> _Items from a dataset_
------------
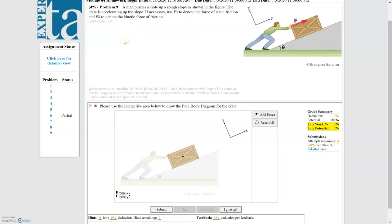In this video we're looking at a slightly different problem than the last one. We no longer have a stationary object — we have one that's accelerating. In this case we have a man pushing a crate up a rough slope, so we need to take friction into account. Because there is motion along an incline, we're going to use a tilted coordinate system that matches the direction of motion.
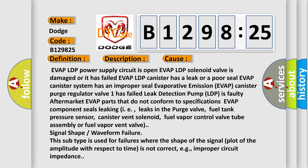This diagnostic error occurs most often in these cases. Evap LDP power supply circuit is open, Evap LDP solenoid valve is damaged or it has failed, Evap LDP canister has a leak or a poor seal, Evap canister system has an improper seal, evaporative emission Evap canister purge regulator valve has failed.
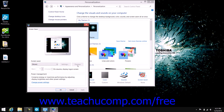When previewing the screen saver, note that you can press the Escape key or move your mouse pointer to stop the preview. The currently selected screen saver can also be adjusted by clicking the Settings button. However, depending on the screen saver selected, the options available will vary. Make any selections you'd like within the Settings dialog box and then click OK to return to the Screen Saver Settings dialog box.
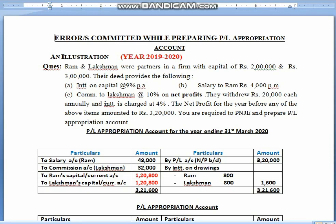Welcome, children. In this video, we are going to take the topic of past adjustments. Before taking the topic directly, I'm going to show you an example first. There was a firm of Ram and Lakshman with capitals of 2 lakh and 3 lakh. In their deed, interest on capital is allowed at 9% per annum, salary to Ram 4,000 per month, commission to Lakshman at 10% on net profits. They have withdrawn 20,000 as drawings, and interest is charged at 4%. Net profit is 3,20,000, and you are supposed to pass journal entries and prepare a P&L appropriation account.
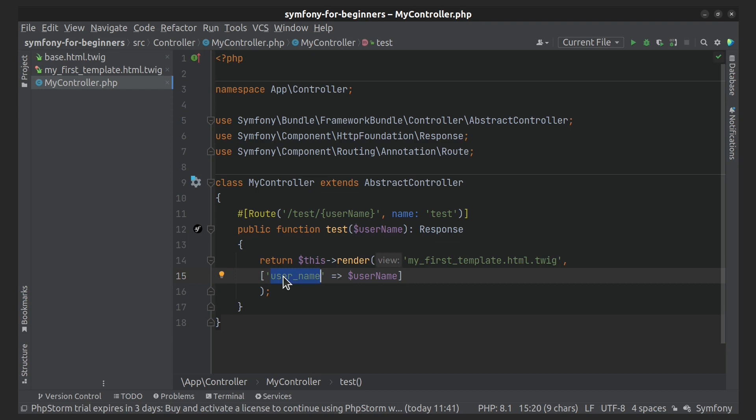The most commonly used are complex PHP variables such as arrays and objects. I'll show you how to work with them.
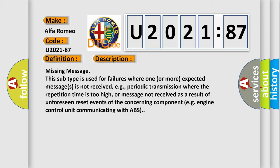Missing message. This subtype is used for failures where one or more expected messages is not received, e.g., periodic transmission where the repetition time is too high, or message not received as a result of unforeseen reset events of the concerning component, e.g., engine control unit communicating with ABS.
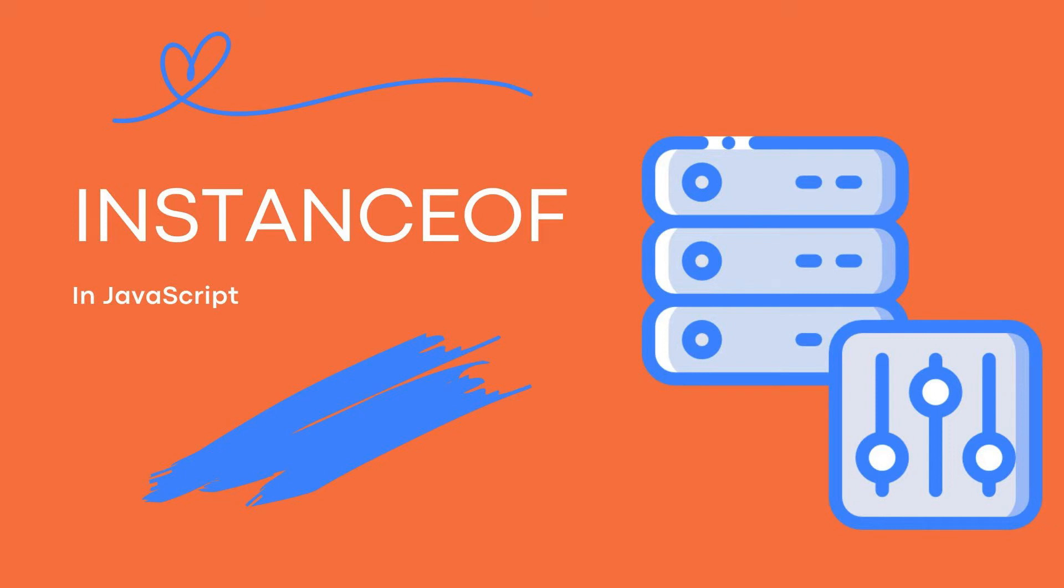Hi everyone. In this video, we're going to look at the instanceof operator in JavaScript.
------------
> _THE PROBLEM_
Every entry above should be written out again verbatim, with no pictures included.

> _TASK RESPONSE_
In this video we're looking at a slightly different problem than the last one. We no longer have a stationary object — we have one that's accelerating. In this case we have a man pushing a crate up a rough slope, so we need to take friction into account. Because there is motion along an incline, we're going to use a tilted coordinate system that matches the direction of motion.
This diagnostic error occurs most often in these cases. Evap LDP power supply circuit is open, Evap LDP solenoid valve is damaged or it has failed, Evap LDP canister has a leak or a poor seal, Evap canister system has an improper seal, evaporative emission Evap canister purge regulator valve has failed.
When previewing the screen saver, note that you can press the Escape key or move your mouse pointer to stop the preview. The currently selected screen saver can also be adjusted by clicking the Settings button. However, depending on the screen saver selected, the options available will vary. Make any selections you'd like within the Settings dialog box and then click OK to return to the Screen Saver Settings dialog box.
Welcome, children. In this video, we are going to take the topic of past adjustments. Before taking the topic directly, I'm going to show you an example first. There was a firm of Ram and Lakshman with capitals of 2 lakh and 3 lakh. In their deed, interest on capital is allowed at 9% per annum, salary to Ram 4,000 per month, commission to Lakshman at 10% on net profits. They have withdrawn 20,000 as drawings, and interest is charged at 4%. Net profit is 3,20,000, and you are supposed to pass journal entries and prepare a P&L appropriation account.
The most commonly used are complex PHP variables such as arrays and objects. I'll show you how to work with them.
Missing message. This subtype is used for failures where one or more expected messages is not received, e.g., periodic transmission where the repetition time is too high, or message not received as a result of unforeseen reset events of the concerning component, e.g., engine control unit communicating with ABS.
Hi everyone. In this video, we're going to look at the instanceof operator in JavaScript.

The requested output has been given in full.